Cristiani perseguitati: la paranoia dittatoriale segna la vita della Corea del Nord

Tutti i cittadini hanno il dovere di partecipare ad almeno un incontro a settimana, nel corso del quale vengono indottrinati e addestrati ideologicamente. A nessuno è permesso sviluppare idee “devianti”, che siano di natura religiosa o meno. Il sistema di rigido controllo sociale ha come conseguenza un alto livello di autocensura e una diffidenza assoluta.

Da 13 anni consecutivi, la Corea del Nord è prima nella lista dei 50 Paesi al mondo dove si perseguitano di più i cristiani. La differenza rispetto agli altri Paesi è data dal fatto che nel Paese asiatico – sostiene “Porte Aperte” – vi è un’unica riconoscibile fonte di persecuzione, totale, che esclude qualsiasi altra: la paranoia dittatoriale, che rende impossibile sottrarsi al pressante controllo che permea l’intero Paese. Tutti hanno il dovere di partecipare ad almeno un incontro a settimana, nel corso del quale i cittadini vengono indottrinati e addestrati ideologicamente. A nessuno è permesso sviluppare idee “devianti”, che siano di natura religiosa o meno. Il sistema di rigido controllo sociale ha come conseguenza un alto livello di autocensura e un’assoluta prudenza nello scegliere cosa dire e di chi fidarsi.

La deificazione del leader. Attorno alla figura del leader Kim Jong-un – proclamato come “Eccelso Successore” e annunciato come “Leader Supremo” e “Comandante Supremo delle Forze Armate”, che detiene una posizione centrale in tutte le organizzazioni del potere (il partito, lo stato e l’esercito), essendo anche Primo Segretario del Partito dei Lavoratori – è stata costruita una sorta di deificazione, che non lascia spazio per alcun tipo di religione e che reputa una minaccia chiunque osi rivolgersi con riverenza a qualcuno che non sia membro della dinastia Kim. Dopo l’esecuzione, avvenuta nel dicembre 2013, dello zio di Kim Jong-un, Jang Song Taek, considerato come il suo primo assistente e la seconda persona più potente nel regime, risulta che nel 2014 siano state giustiziate più di 10mila persone, presumibilmente collegate a Jang o aventi comunque idee diverse rispetto a quelle del regime.

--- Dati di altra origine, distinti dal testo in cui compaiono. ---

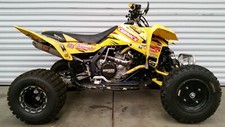 2008 LTR450 LTR 450 MX RACE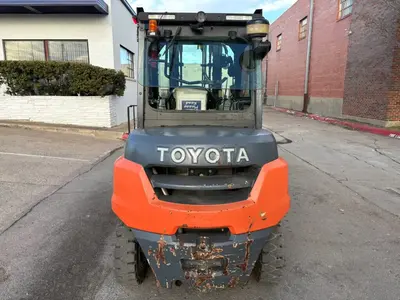Used 2020 TOYOTA 8FD35U Misc Forklifts Texas US | 4K Lift Co #1503026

La fede viene nascosta anche nelle famiglie. I cristiani vivono la clandestinità e nella maggior parte dei casi non osano mostrare la propria fede nemmeno all’interno delle famiglie, specialmente ai bambini, per paura che lo possano riferire agli insegnanti o ai vicini e che questi possano denunciarli. È molto pericoloso possedere una Bibbia, leggerla o fare un culto in privato. Nel sistema di stratificazione sociale chiamato “Songbun”, i cristiani sono classificati come “ostili” e ritenuti una sottoclasse. Nel caso vengano scoperti, non sono soltanto i credenti a essere puniti ma anche i loro familiari: nel migliore dei casi, i parenti subiscono un declassamento nel sistema del “Songbun”, mentre i familiari più stretti, che non siano identificati come cristiani, vengono mandati in un campo di rieducazione per scontare la loro pena. I cristiani direttamente coinvolti, invece, sono portati nei campi di lavoro forzato senza possibilità di rilascio: dovranno lavorare lì fino alla propria morte. Un credente di cui si scopra il coinvolgimento in attività religiose clandestine dovrà subire la discriminazione, l’arresto, la detenzione arbitraria fino alla propria scomparsa, la tortura e/o la pubblica esecuzione. Secondo un recente rapporto, la prigione n. 15 (meglio conosciuta come il campo per prigionieri politici Yodok) è stata chiusa nel 2014. Un rapporto precedente sosteneva che solo all’interno di questo campo ci fossero più di 6mila cristiani, secondo le stime dei disertori. I “detenuti” non sono stati rilasciati, ma trasferiti.